** Instructions to follow **
Output only the lines below from the one holding "Вафельница Maxvi SM552P тиффани" down to the one holding "guidecraft single tablet table new ...", both end lines included and every picture dropped.

=== The data ===

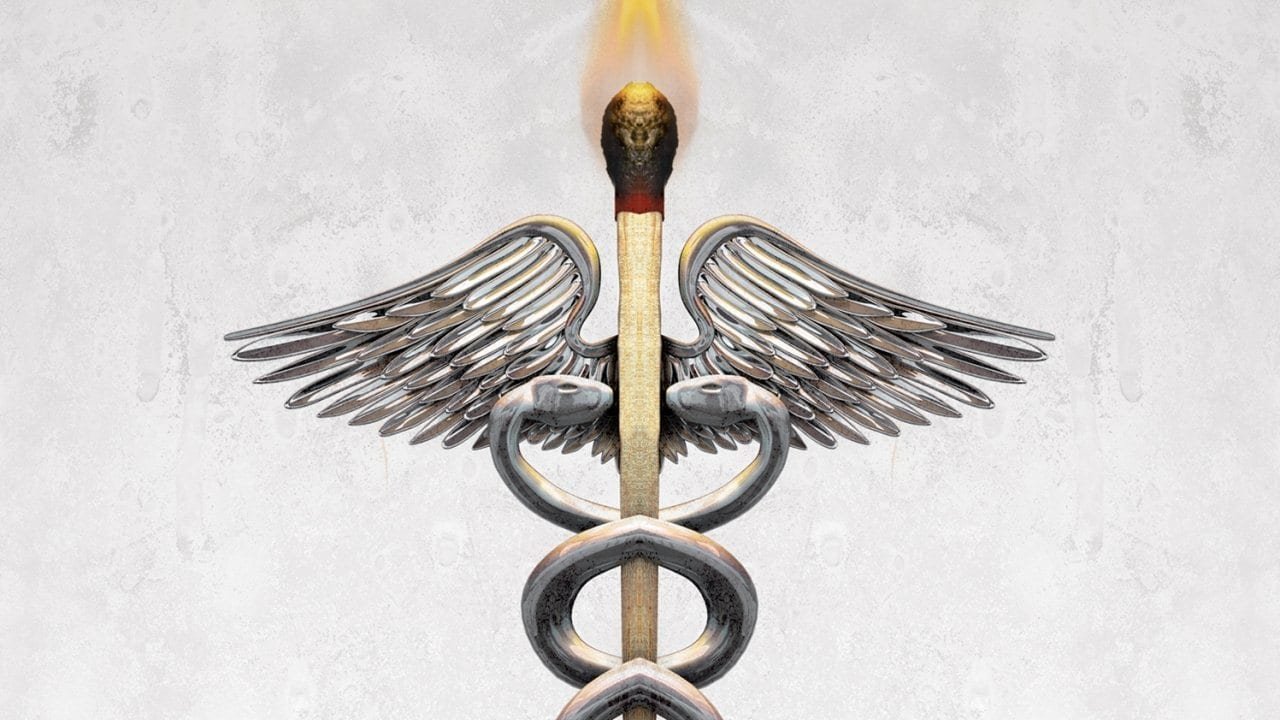 Escape Fire: The Fight to Rescue American Healthcare
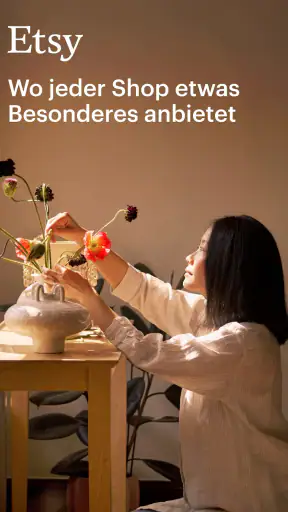 Etsy: Wohnen & Mode kaufen screenshot 9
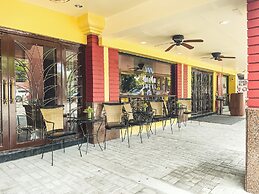 Miramar Hotel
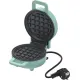 Вафельница Maxvi SM552P тиффани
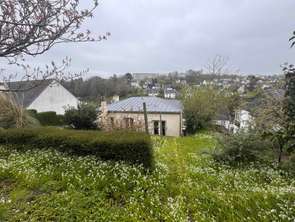 Vente Maison 3 chambresMorlaix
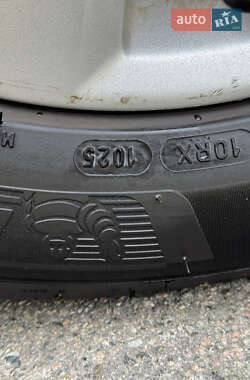 Ліфтбек Opel Vectra 2007 в  фото 39 Ліфтбек Opel Vectra 2007 в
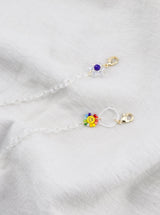 PERRY FACE MASK CHAIN - Simplique Mode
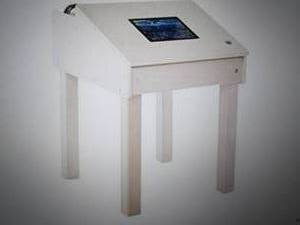 guidecraft single tablet table new ...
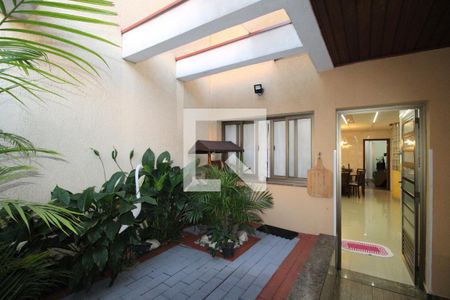 Casa à venda com 400m², 4 quartos e 4 vagasÁrea de Serviço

===

** Output of the exercise **
 Вафельница Maxvi SM552P тиффани
 Vente Maison 3 chambresMorlaix
 Ліфтбек Opel Vectra 2007 в  фото 39 Ліфтбек Opel Vectra 2007 в
 PERRY FACE MASK CHAIN - Simplique Mode
 guidecraft single tablet table new ...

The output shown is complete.